Figure 4 illustrates the overall AI-enhanced prediction pipeline and conceptual framework of the proposed method, rather than individual braking-signal waveforms. The figure summarizes the end-to-end implementation flow from multi-sensor inputs through preprocessing, physics-informed feature construction, hybrid dataset integration, and machine-learning-based braking-distance prediction.

Figure 4 summarizes this structured pipeline and supports reproducibility of the proposed AI-enhanced prediction framework.

2.6.1. Input Feature Set Construction

The predictive model uses a hybrid feature set constructed from real-vehicle measurements and ASM-based virtual scenarios. The following variables were selected based on physical relevance and empirical sensitivity analysis:

(i)

Vehicle Kinematic Features

• Initial vehicle speed $v_0$
• Mean deceleration during the first 0.5 s of braking
• Peak deceleration $a_{peak}$

(ii)

Dynamic Axle-Load Features

Real-time axle loads were estimated using the polynomial angle-to-load mapping in Equation (12). The following dynamic descriptors were computed for Axles 1–4:

• • Static axle load $W_{i,static}$
  • Instantaneous dynamic load $W_i\left(t\right)$
  • Load variation index $\Delta W_i=\max \left(W_i\right)-\min \left(W_i\right)$
  • Load-rate descriptor ${\dot{W}}_i\left(t\right)$ during the first 0.3 s of braking

These variables quantify dynamic load transfer, suspension compliance, and inter-axle interactions, which are known to influence braking performance in multi-axle trucks.

(iii)

Road-Friction Features

Using the fused friction estimator in Equation (16), three friction-related inputs were constructed:

• • Estimated friction coefficient $\widehat{\mu }$
  • Variance of optical reflectance during pre-braking roll-out
  • Slip-ratio-derived adhesion index ${\mu }_{slip}$

(iv)

Road-Surface and Gradient Descriptors

Although the test road exhibited negligible grade, the grade and micro-texture parameters from ASM simulations were included to generalize the model:

• • Longitudinal road grade $g$
  • ISO 8608 texture parameter $\lambda$

(v)

Payload-Related Features

• Total payload mass $M_{payload}$
• Per-axle payload distribution ratio

Together, these features enable the model to capture the nonlinear coupling between load transfer, friction, and braking dynamics.

2.6.2. Hybrid Dataset Generation (Real + ASM Simulation)

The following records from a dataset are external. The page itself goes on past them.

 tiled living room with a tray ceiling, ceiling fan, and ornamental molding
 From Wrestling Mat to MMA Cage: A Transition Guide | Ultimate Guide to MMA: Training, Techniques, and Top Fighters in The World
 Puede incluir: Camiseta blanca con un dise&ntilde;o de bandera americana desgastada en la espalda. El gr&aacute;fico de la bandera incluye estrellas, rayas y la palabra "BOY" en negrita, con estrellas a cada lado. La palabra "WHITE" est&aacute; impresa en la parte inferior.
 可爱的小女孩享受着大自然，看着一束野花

Because real-vehicle tests cannot cover the full range of friction, grade, and loading conditions encountered in real-world operations, the training dataset was augmented using validated ASM simulation scenarios.

(i)

Real-Vehicle Dataset

• Total braking trials: $N_{real}$ = 120
• Initial speeds: 40, 45, 50, 55, 60 km/h
• Payloads: 0, 4.5, 11.0, 15.5 tons
• Road state: dry asphalt (ISO Class A–B)

(ii)

ASM-Simulation Dataset

Simulations were generated to expand:

• • Friction range: $0.25\leqq \mu \leqq 0.85$
  • Grade range: $-3\%\leqq g\leqq 3\%$
  • Payload range: 0–20 tons
  • Combined total: $N_{ASM}=240$ scenarios

(iii)

Hybrid Dataset

The final dataset size was as follows:

$$N_{total}=N_{real}+N_{ASM}=360$$

Using this hybrid configuration ensures that the prediction model generalizes beyond the limited test environment while remaining anchored to real-world sensor dynamics.

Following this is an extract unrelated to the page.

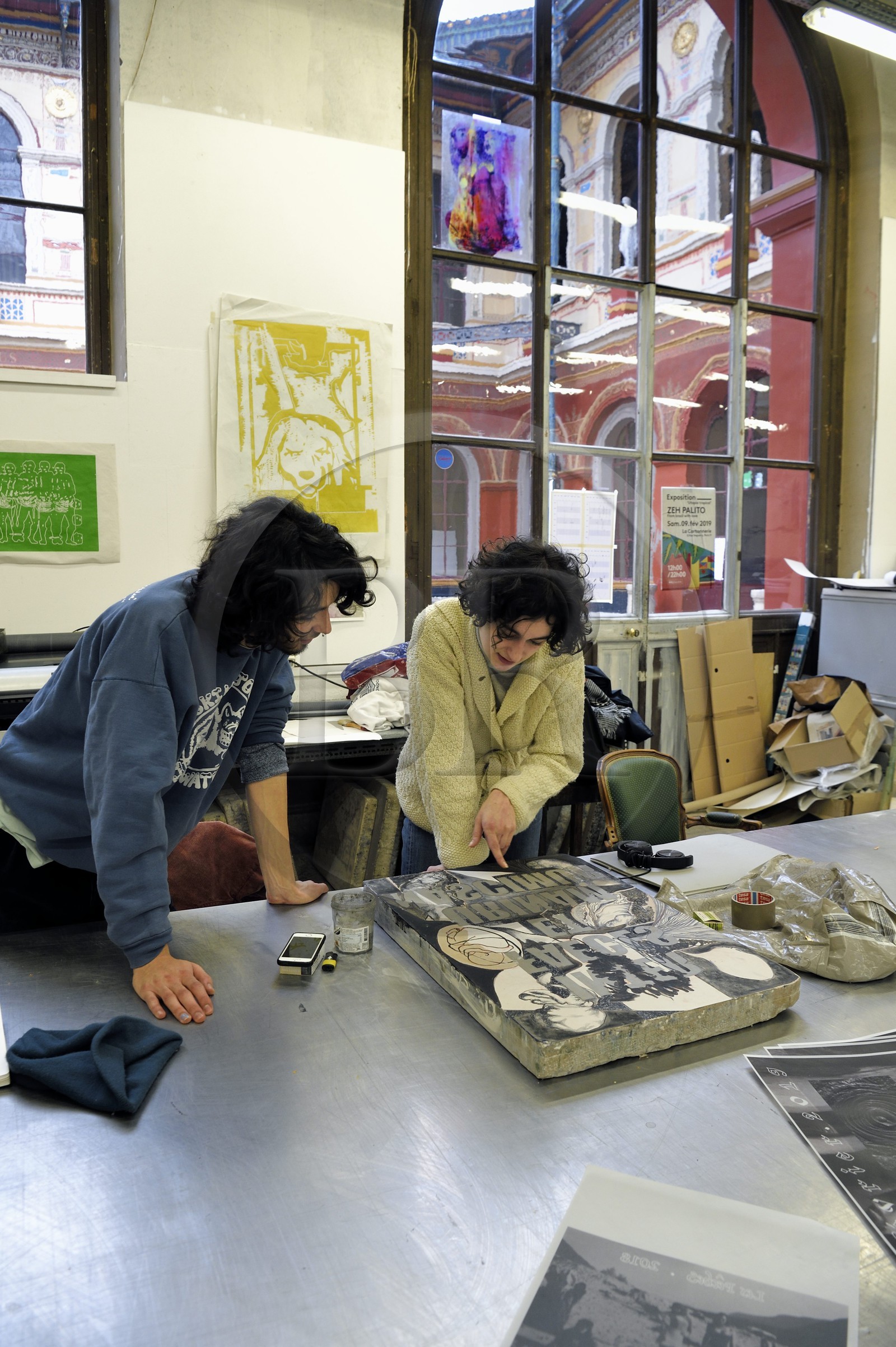 France, Paris, Saint Germain des Pres district, Ecole nationale superieure des Beaux-Arts (Fine Arts school), printing-multiple department in the Palais des Etudes (Palace of Studies), students in front of a lithography stone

2.6.3. Model Structure and Training Procedure

A gradient-boosting regression (GBR) model was employed due to its strong performance in high-dimensional, nonlinear regression tasks with moderate dataset sizes.

(i)

Model Hyperparameters

• Number of estimators: 500
• Maximum tree depth: 4
• Learning rate: 0.03
• Subsampling rate: 0.8
• Minimum child weight: 1.0

These values were optimized through grid-search cross-validation.

(ii)

Training–Validation Split

A stratified 80–20 split was used, preserving the distribution of initial speed and pay-load across subsets

(iii)

Evaluation Metrics

Three quantitative metrics were used:

• • $MAE={\displaystyle \frac{1}{n}}\sum |y_i-{\widehat{y}}_i|$
  • $RMSE=\sqrt{{\displaystyle \frac{1}{n}}\sum {\left(y_i-{\widehat{y}}_i\right)}^2}$
  • $MAPE={\displaystyle \frac{100}{n}}\sum \left|{\displaystyle \frac{y_i-{\widehat{y}}_i}{y_i}}\right|$

These metrics enable both absolute and relative error comparisons across speeds and payloads.

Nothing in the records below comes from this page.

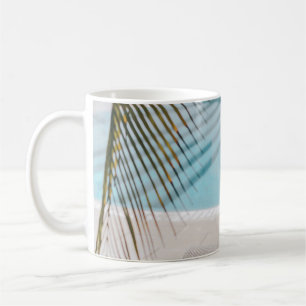Brown and black armchair beside swimming pool in t coffee mug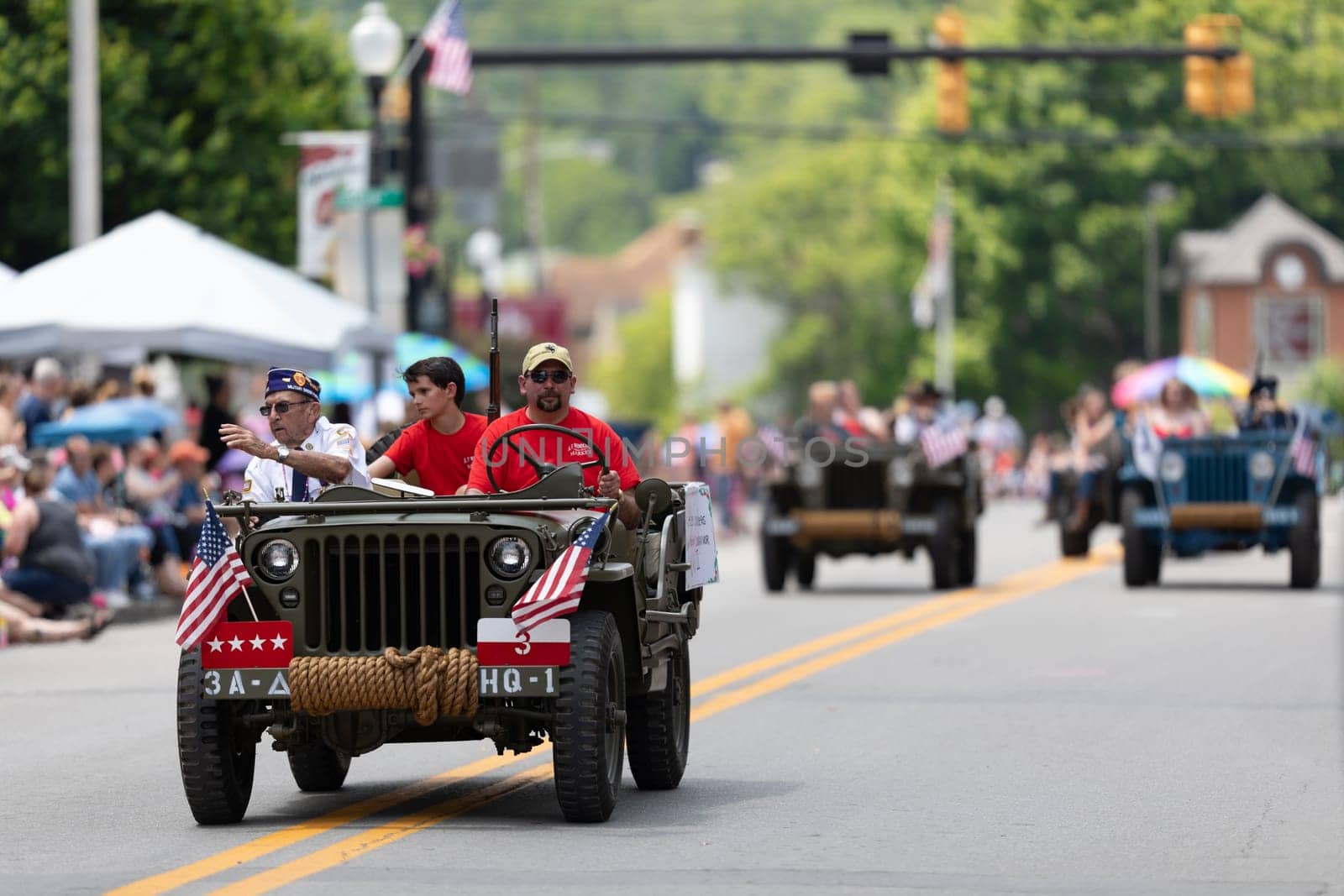 Buckhannon, West Virginia, USA - May 18, 2019: Strawberry Festival, Military veterans of the United States being driven on jeeps during the parade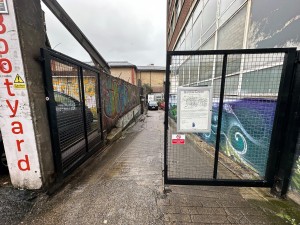 Double black gated door ahead. Push at center to open.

2.6.4. Feature Importance and Physical Interpretation

Post-training feature-importance analysis revealed that the most influential variables were as follows:

• Initial speed $v_0$
• Front-axle dynamic load variation $\Delta W_1$
• Slip-ratio-based friction ${\mu }_{slip}$
• Payload mass
• Friction estimator output $\widehat{\mu }$

This ranking aligns with physical intuition:

• Higher load variation increases brake-force oscillation, extending the stopping distance.
• Reduced friction increases slip and reduces effective deceleration.
• Payload contributes directly to the kinetic energy and required brake force.

2.6.5. Deployment Model Output

The final trained model predicts braking distance as follows:

$${\widehat{d}}_{brake}=f_{GBR}\left(v_0, W_i\left(t\right), \Delta W_i,\widehat{\mu }, M_{payload}, g, \lambda , \dots \dots \right)$$

This output is used in Section 3 for a quantitative comparison against experimental stopping-distance measurements. The hybrid learning approach enables the model to generalize effectively across different loads, speeds, friction levels, and dynamic load-transfer behaviors observed in multi-axle heavy trucks.

3. Results

This section presents the experimental results obtained from full-scale robotic braking tests and evaluates the predictive performance of the proposed machine-learning-based braking-distance model. The predictive model integrates real-time dynamic axle-load measurements, fused friction estimates, and vehicle kinematic variables, as described in Section 2.6.

3.1. Overview of Experimental Stopping Distance Measurement

A total of 120 braking trials were performed across four payload configurations (0, 4.5, 11.0, and 15.5 tons) and five initial speeds (40–60 km/h). Because braking was executed by a robotic actuator applying a fixed and repeatable brake-pressure command (60%), measurement variability was low, with a run-to-run standard deviation below ±0.35 m across all test scenarios.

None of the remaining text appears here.